» WORK ORDER:
Each line of the data below goes into the copy exactly; pictures do not.

Entries taken from a collection:

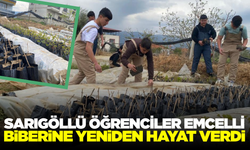 Sarıgöl'de Öğrencilerden Tarıma Önemli Katkı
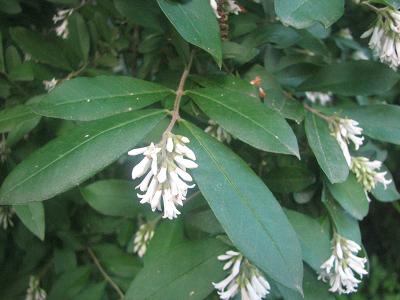 Ligustrum obtusifolium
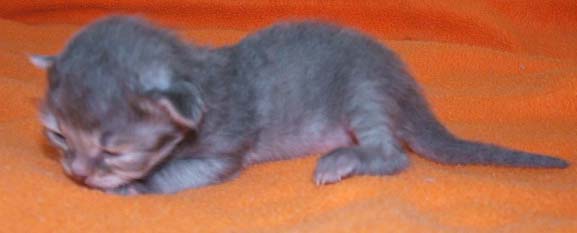 kitten-blu-tabby-male.jpg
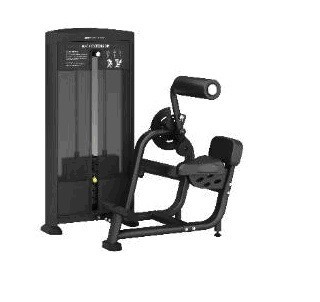    BRONZE GYM BLANC 31 BN31  -     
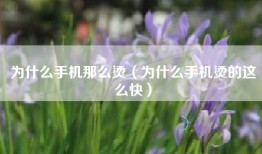 为什么手机那么烫（为什么手机烫的这么快）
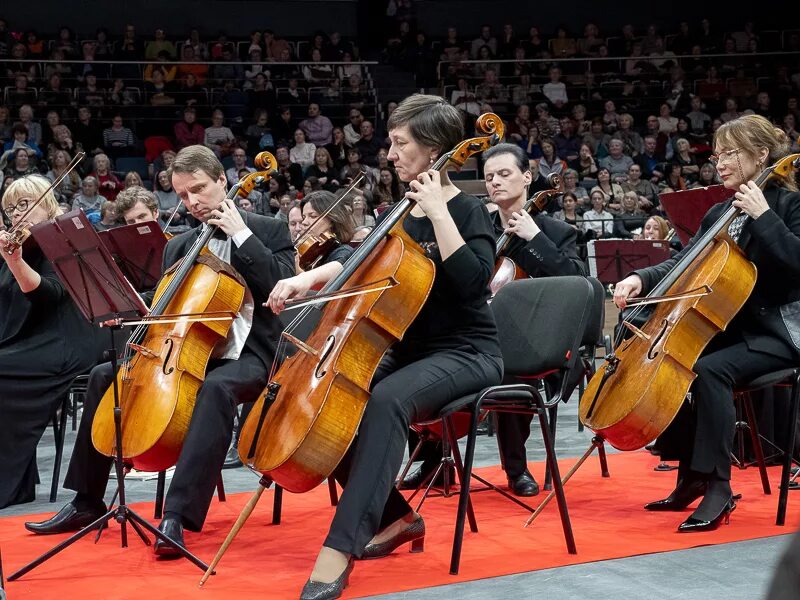 Neo classic orchestra. Оркестр классика Канторов. Санкт-Петербургский оркестр классика. Художественный руководитель национального симфонического оркестра.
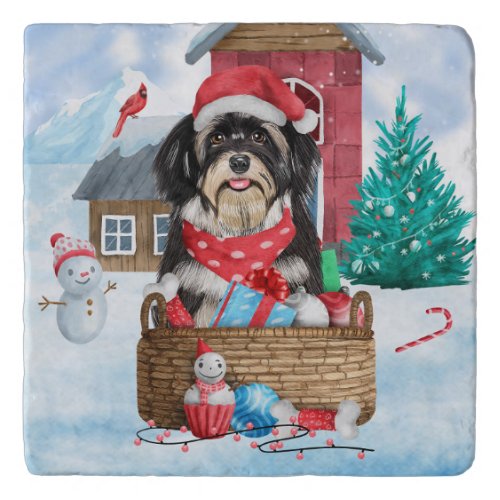 Havanese Dog In snow Christmas Dog House Trivet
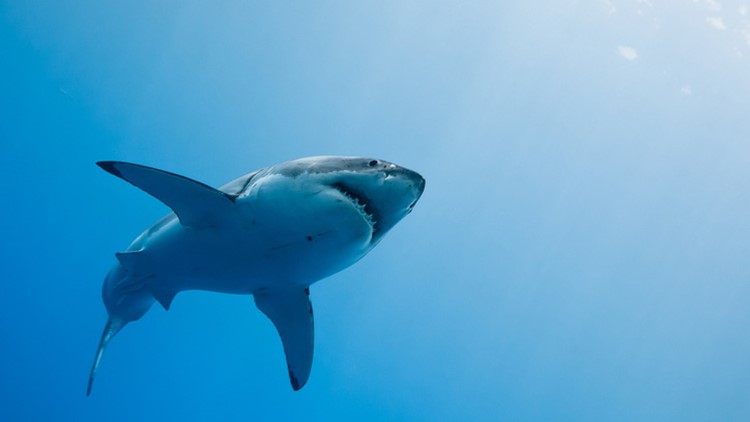 Great white sharks believed to patrol warming Irish seas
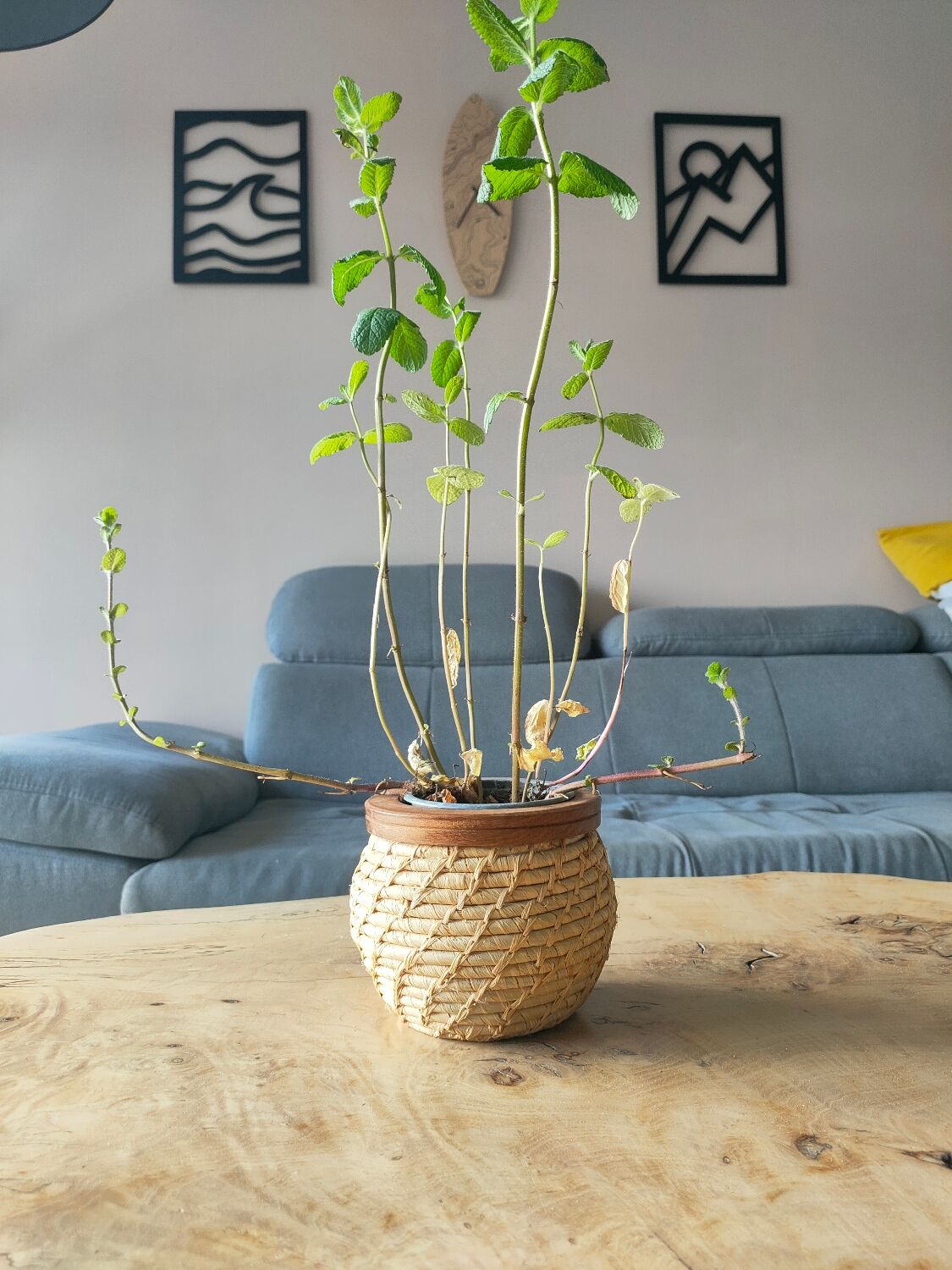 Wicker pot cache and wood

» TASK RESPONSE:
 Sarıgöl'de Öğrencilerden Tarıma Önemli Katkı
 Ligustrum obtusifolium
 kitten-blu-tabby-male.jpg
    BRONZE GYM BLANC 31 BN31  -     
 为什么手机那么烫（为什么手机烫的这么快）
 Neo classic orchestra. Оркестр классика Канторов. Санкт-Петербургский оркестр классика. Художественный руководитель национального симфонического оркестра.
 Havanese Dog In snow Christmas Dog House Trivet
 Great white sharks believed to patrol warming Irish seas
 Wicker pot cache and wood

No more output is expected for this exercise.